In this post we use tensorflow 2.1 custom model and custom loop on the famous MNIST dataset. We perform a multiclass classification with a basic convolutional neural network.

According to offical website, MNIST dataset is a database of handwritten digits. It contains a training and a test set. The digits have been size-normalized and centered in a fixed-size image.

It is a good database for people who want to try learning techniques and pattern recognition methods on real-world data while spending minimal efforts on preprocessing and formatting.

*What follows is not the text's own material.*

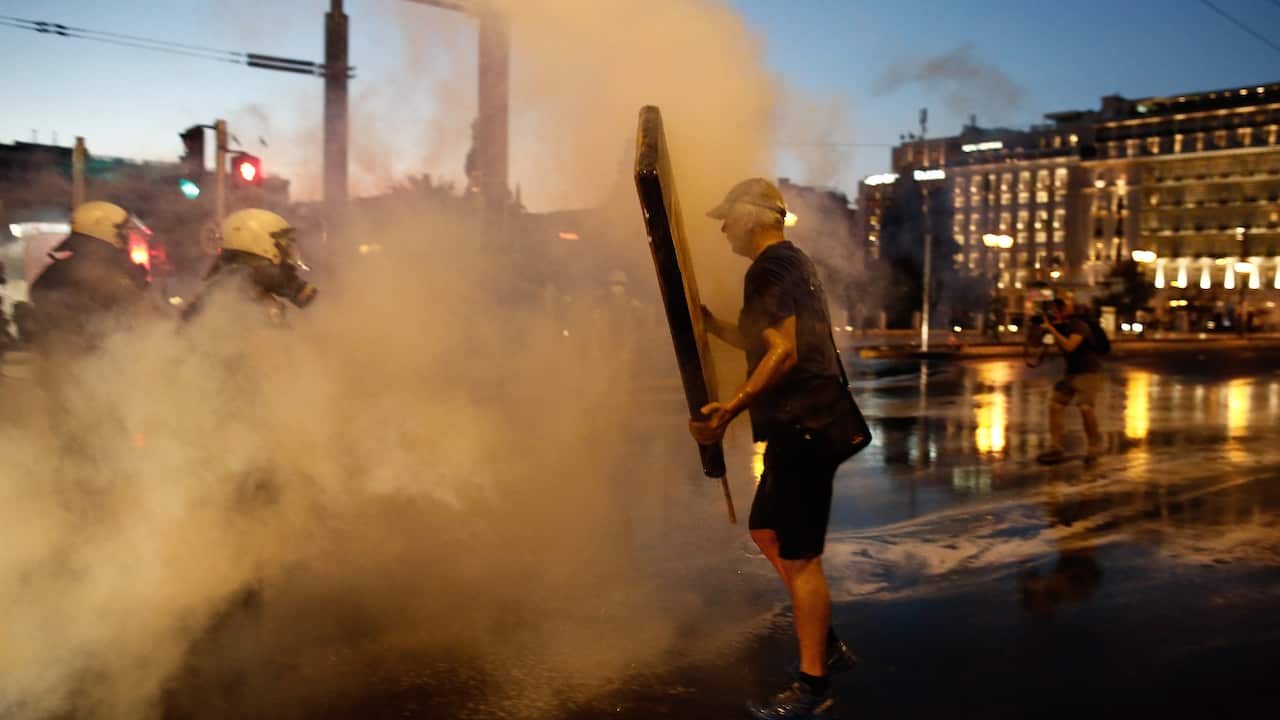 A protester holds a Christian religious icon as he stands in front of a police vehicle during clashes after an anti-vaxxer rally in Athens, Greece, 29 August 2021. Clashes have taken place after an anti-vaxxer rally in Athens' Syntagma Square on Sunday 2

This dataset contains 10 classes (digits from 0 to 9) and images are in the grayscale (1-channel). As a reminder color images have three 3 channels: red, green and blue.

Here is a link to the notebook.

Let’s get started !

Load useful packages

import tensorflow as tf
from tensorflow.keras.layers import Dense, Flatten, Conv2D, Reshape, MaxPooling2D
from tensorflow.keras import Model

import numpy as np
import matplotlib.pyplot as plt
import pandas as pd
from sklearn.metrics import confusion_matrix
import seaborn as sns

Data preparation and exploration

Load the dataset

# Load
mnist_dataset = tf.keras.datasets.mnist.load_data()
# Unpack
(x_train, y_train), (x_test, y_test) = mnist_dataset

# Train dataset shapes
print('Train X shape ', x_train.shape)
print('Train Y shape ', y_train.shape)

#=> Train X shape  (60000, 28, 28)
#=> Train Y shape  (60000,)
# Test dataset shapes
print('Test X shape ', x_test.shape)
print('Test Y shape ', y_test.shape)

#=> Test X shape  (10000, 28, 28)
#=> Test Y shape  (10000,)

Explore images

print("pixel unique values:", len(np.unique(x_train)),
      "\nmin value:", np.min(x_train),
      "\nmax value:", np.max(x_train))

#=> pixel unique values: 256 
#=> min value: 0 
#=> max value: 255 

Explore labels

print("unique labels:", len(np.unique(y_train)),
      "\nmin value:", np.min(y_train),
      "\nmax value:", np.max(y_train))

#=> unique labels: 10
#=> min value: 0
#=> max value: 9

Inspect density probability distribution over the training/test sets

see code ref: datasets_distribution, print_dataset_distributions

We plot an histogram of the label distributions to see how balanced are the labels among samples, and among the training and test set.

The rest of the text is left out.